ACTIVITY: Extract from the entries below, exactly as given, only the lines from the line containing "this 640×480 image." to the line containing "this 608×342 image.", both lines included.

MATERIAL FOR THIS EXERCISE:

- Opening Delimiter -

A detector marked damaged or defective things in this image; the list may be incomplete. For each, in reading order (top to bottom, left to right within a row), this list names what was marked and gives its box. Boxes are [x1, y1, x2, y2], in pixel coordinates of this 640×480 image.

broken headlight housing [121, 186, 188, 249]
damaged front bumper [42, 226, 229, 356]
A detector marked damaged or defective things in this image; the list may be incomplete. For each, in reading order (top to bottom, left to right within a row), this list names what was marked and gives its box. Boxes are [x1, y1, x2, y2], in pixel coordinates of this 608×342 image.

- Closing Delimiter -
- Opening Delimiter -

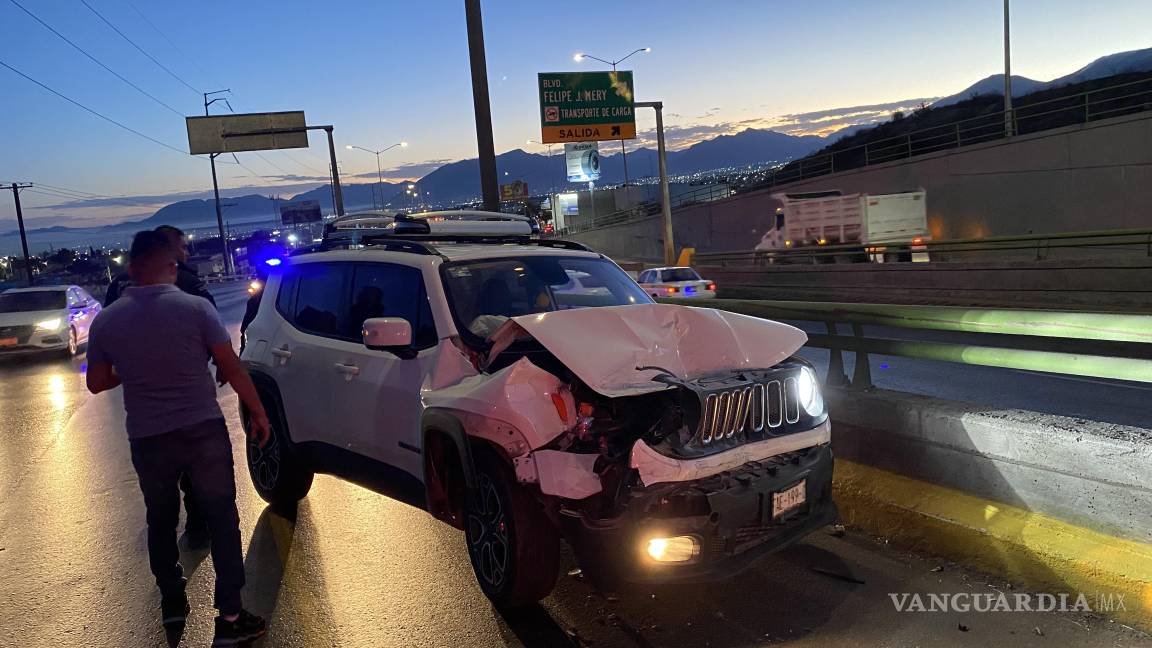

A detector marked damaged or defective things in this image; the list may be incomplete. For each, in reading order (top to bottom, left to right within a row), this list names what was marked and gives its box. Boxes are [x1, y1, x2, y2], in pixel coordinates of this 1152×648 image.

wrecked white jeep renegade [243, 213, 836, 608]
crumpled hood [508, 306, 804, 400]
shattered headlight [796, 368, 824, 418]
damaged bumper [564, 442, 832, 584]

- Closing Delimiter -
- Opening Delimiter -

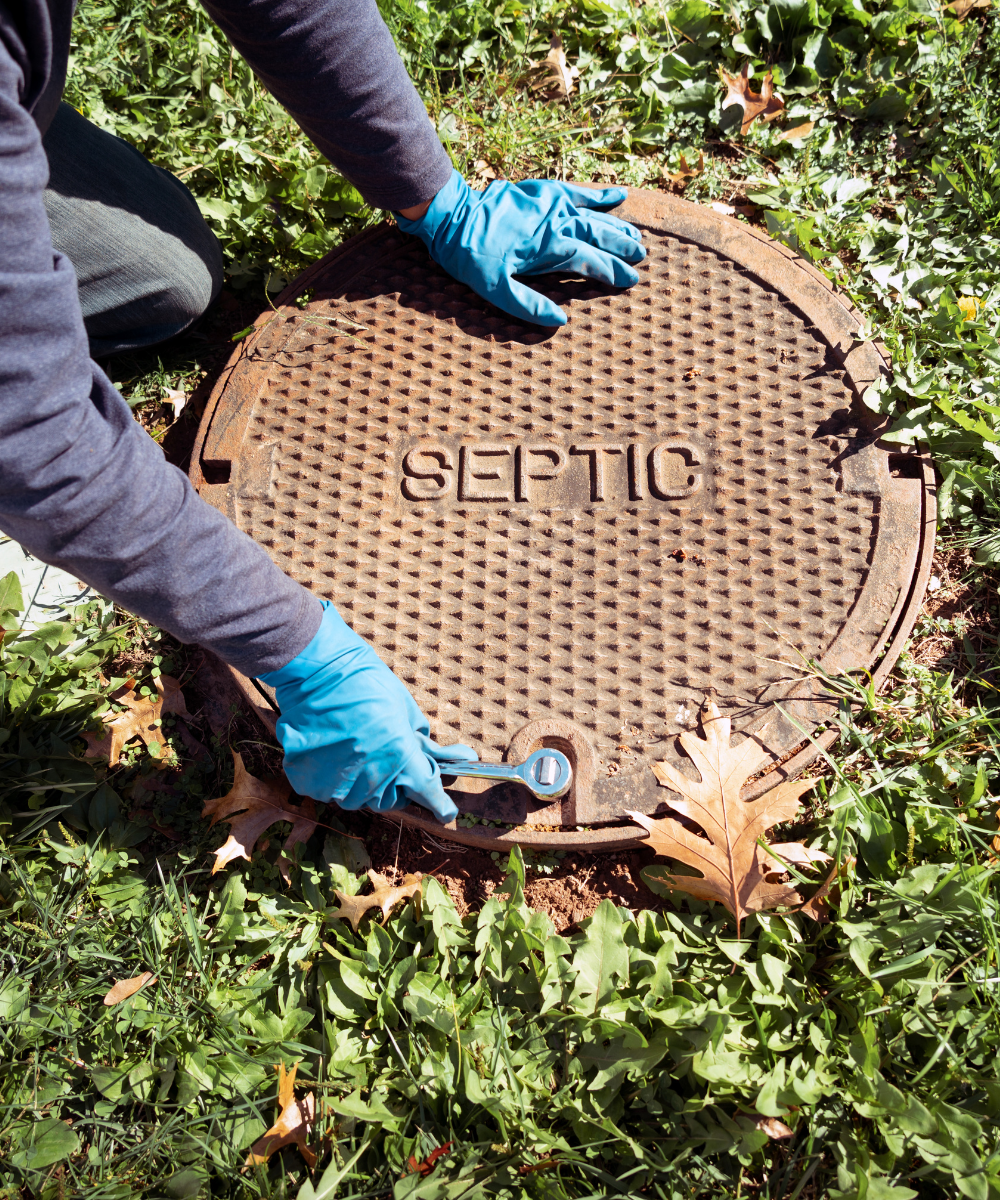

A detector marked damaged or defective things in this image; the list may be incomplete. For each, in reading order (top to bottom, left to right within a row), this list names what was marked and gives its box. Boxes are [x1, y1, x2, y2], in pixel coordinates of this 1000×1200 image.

- Closing Delimiter -

PROBLEM SOLUTION:
A detector marked damaged or defective things in this image; the list may be incomplete. For each, in reading order (top to bottom, left to right within a row), this list names what was marked and gives its box. Boxes are [x1, y1, x2, y2], in pixel coordinates of this 640×480 image.

broken headlight housing [121, 186, 188, 249]
damaged front bumper [42, 226, 229, 356]
A detector marked damaged or defective things in this image; the list may be incomplete. For each, in reading order (top to bottom, left to right within a row), this list names what was marked and gives its box. Boxes are [x1, y1, x2, y2], in pixel coordinates of this 608×342 image.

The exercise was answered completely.